Suleiman asked the Turnpike Authority to delay construction on Interchange 41 until the feasibility study is complete.
He believes the Turnpike Authority is “fixing a problem that doesn’t exist,” and that shutting down the access road to non-emergency vehicles could be a mistake.
“The quickest way to get to AtlantiCare is down Jimmie Leeds Road,” Suleiman said. “If the access road is closed, people might not know another way to get to the hospital. You’re adversely affecting residents from a public safety aspect.”
Turnpike Authority officials also stated that a monetary donation would be made the New Jersey Department of Environmental Protection to compensate for 8.72 acres of trees that will be taken down as part of the interchanges projects.
“If you’re going to donate to DEP, you should include that project (two years ago),” McElwee said.

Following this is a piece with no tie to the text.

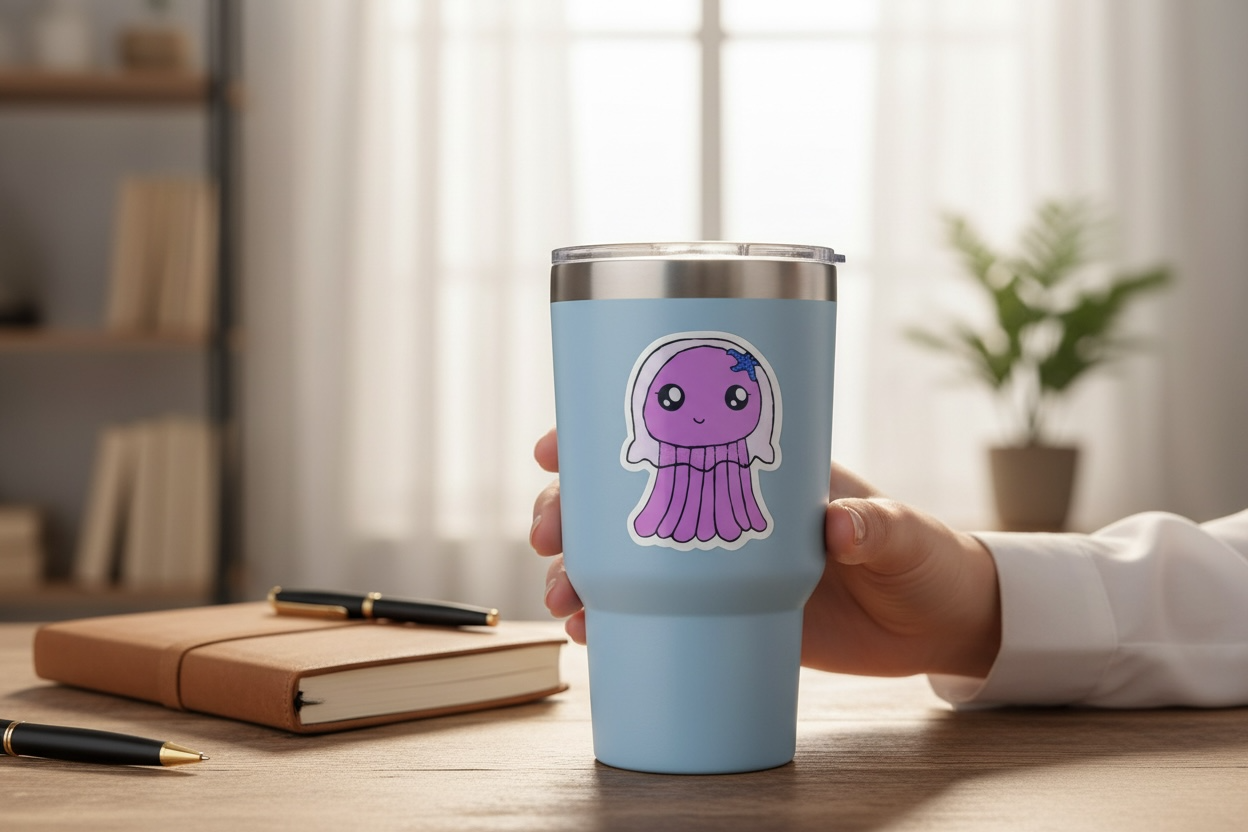 Drops the Bashful Jellyfish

“The Galloway code is much stricter than the state code when it comes to cutting down trees,” Greb said. “It would be a nice gesture to voluntarily hold yourselves to the township standard.”

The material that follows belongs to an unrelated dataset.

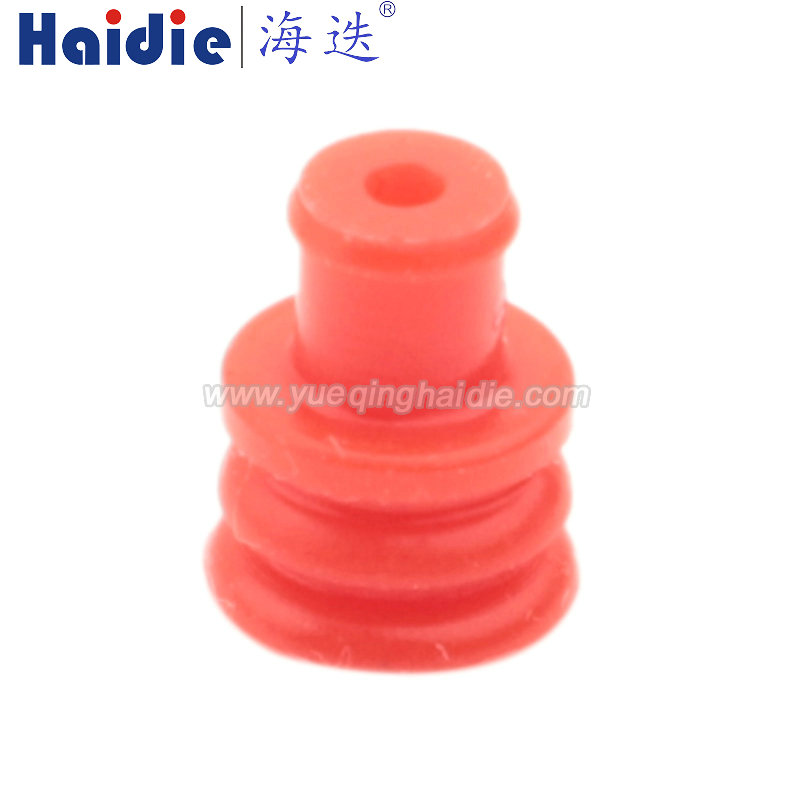 Auto Pin Wire Cable Harness Auto Connector Housing Plug And Terminal HDZ-69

In August, the Turnpike Authority held an information session at Stockton College that left residents with questions and concerns dissatisfied.
Tuesday’s public hearing saw very few residents turn out, with the crowd mostly packed with public officials, including Deputy Mayor Tony Coppola, Gorman, McElwee, Tyrrell and Whitney Ullman from Galloway Councl; Sen. Christopher J. Connors, Assemblyman Brian E. Rumpf; Atlantic County Republican Chairman Keith Davis; and Atlantic County Freeholder Rich Dase.
It’s the last hearing the Turnpike Authority will hold on the subject.
The record remains open for 60 days. Any additional comments and questions can be sent to the Turnpike Authority at the following address:
New Jersey Turnpike Authority, Engineering Department
P.O. Box 5042
Woodbridge, NJ 07095-5042
Attn: Donald Chappa, P.E., Project Engineer/Senior Highway Engineer
All comments will be included in the Final Hearing Report, which will be issued to Galloway Township and Atlantic County after Feb. 4, 2013, according to the Turnpike Authority.
Coppola and Dase both felt they were good projects that would benefit the area, and that the concerns of the residents would be taken into account.
“I hope you take into consideration what you hear and adapt design plans to accommodate that,” Coppola said. “I hope this is not just a rubber stamp meeting.”
“The residents are busy, but they care, and I hope this was not a waste of their time,” Atlantic County Freeholder Rich Dase said.